Wenn der Deal zustande kommt, sollen in den nächsten sechs Wochen 33 israelische Geiseln und bis zu 1600 palästinensische Gefangene aus israelischer Haft freikommen. Für jede zivile israelische Geisel sollen 30 Palästinenser freigelassen werden, für jede freigelassene israelische Soldatin 50 palästinensische Gefangene. Dieses Zahlendetail verdeutlicht die Komplexität der Verhandlungen. Die Gesamtzahl der freigelassenen palästinensischen Gefangenen soll also von der Zahl der freigelassenen israelischen Geiseln abhängen.

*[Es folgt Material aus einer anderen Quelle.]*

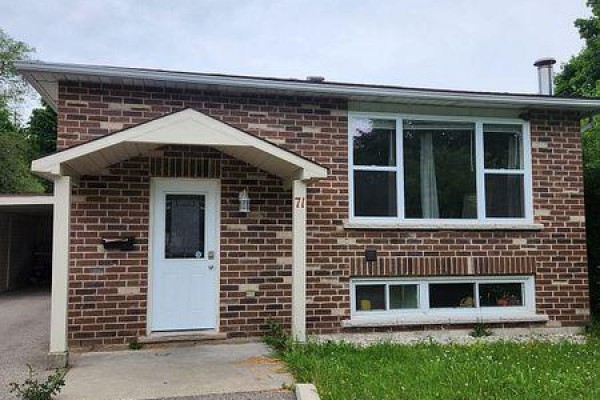 Basement - 71 Helene Crescent, Waterloo, ON N2L5E6 Photo 2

Der sogenannten ersten Phase des Abkommens sollen drei weitere folgen. Ob es dazu kommt, ist allerdings äußerst ungewiss. Doch es ist gut, dass überhaupt etwas auf dem Tisch liegt, das die Zustimmung sowohl Israels als auch der Hamas finden könnte, wenn es zur Klärung weiterer Details kommt. Es sei ein lange überfälliges Abkommen, sagt der Leiter der Diakonie Katastrophenhilfe, das am Sonntagnachmittag in Kraft treten soll. Martin Keßler ist zuversichtlich, dass seine Organisation bald die Hilfe für den Gazastreifen ausweiten und nicht nur Nahrungsmittel und Winterhilfe gewährleisten kann.
Dass jetzt in Washington darüber gestritten wird, ob ein Waffenstillstand in Nahost der endenden Joe-Biden-Administration oder dem am Montag ins Amt kommenden Donald-Trump-Team zugeschrieben werden soll, ist traurig genug. Dass die Drohung Trumps, die Hölle werde losbrechen, sollte die Hamas nicht einwilligen, allein ausschlaggebend war, glauben wohl nur Trump selbst und sein „spezieller Freund“ Benjamin Netanjahu.